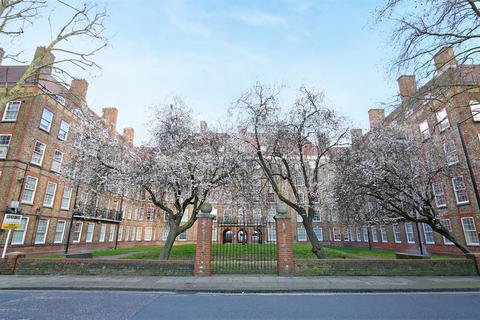 Flat 41, Comber House Comber Grove, London, SE5 0LJ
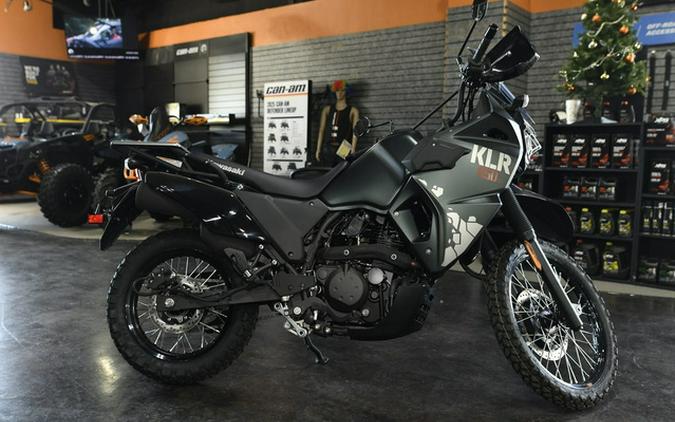 2025 Kawasaki KLR650 S Metallic Matte Old School Green ABS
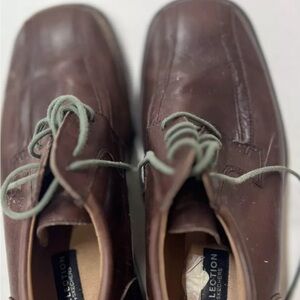 Men’s Skechers Size 9.5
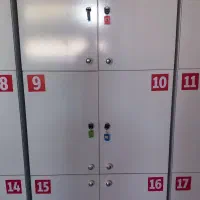 کمد سفید باشگاهی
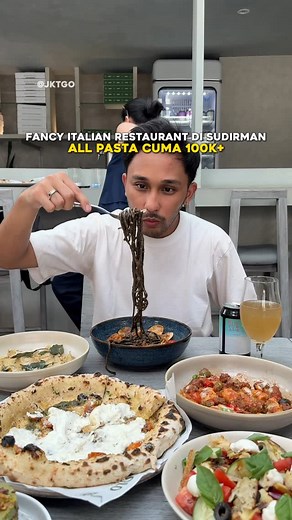 JKTGO on Instagram: "All pasta 100k++ di fancy Italian restaurant ✨ Promo all pasta 100k & buy 2 get 3 Kulturale Beer ini hanya sampai 12 june 2025 dan berlaku mulai dari jam 5 ya! Selain pasta ada pizza burrata yang burratanya di impor langsung dari italy dan harus cobain dessert pistachio tiramisu mereka ! Open: 11.00 - 21.00 (weekdays only) @soloristorante.id 📍Solo Ristorante WTC 3 #jktgo"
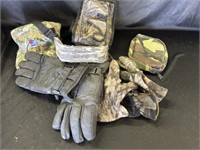 Hats, gloves, camo items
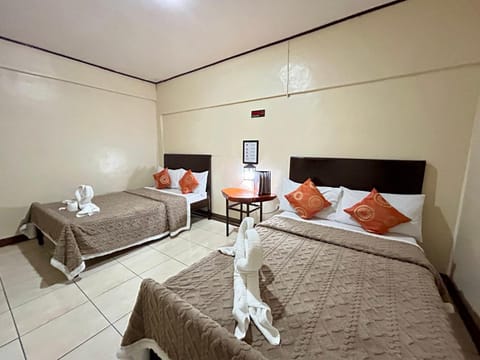 Elegance Guesthouse Hotel in Pasay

__WHAT TO PRODUCE__. Nothing but the lines from the one containing "pasta 100k++ di" to the last line of the records should be returned, exactly as they appear and without pictures.

__RESULT__.
 JKTGO on Instagram: "All pasta 100k++ di fancy Italian restaurant ✨ Promo all pasta 100k & buy 2 get 3 Kulturale Beer ini hanya sampai 12 june 2025 dan berlaku mulai dari jam 5 ya! Selain pasta ada pizza burrata yang burratanya di impor langsung dari italy dan harus cobain dessert pistachio tiramisu mereka ! Open: 11.00 - 21.00 (weekdays only) @soloristorante.id 📍Solo Ristorante WTC 3 #jktgo"
 Hats, gloves, camo items
 Elegance Guesthouse Hotel in Pasay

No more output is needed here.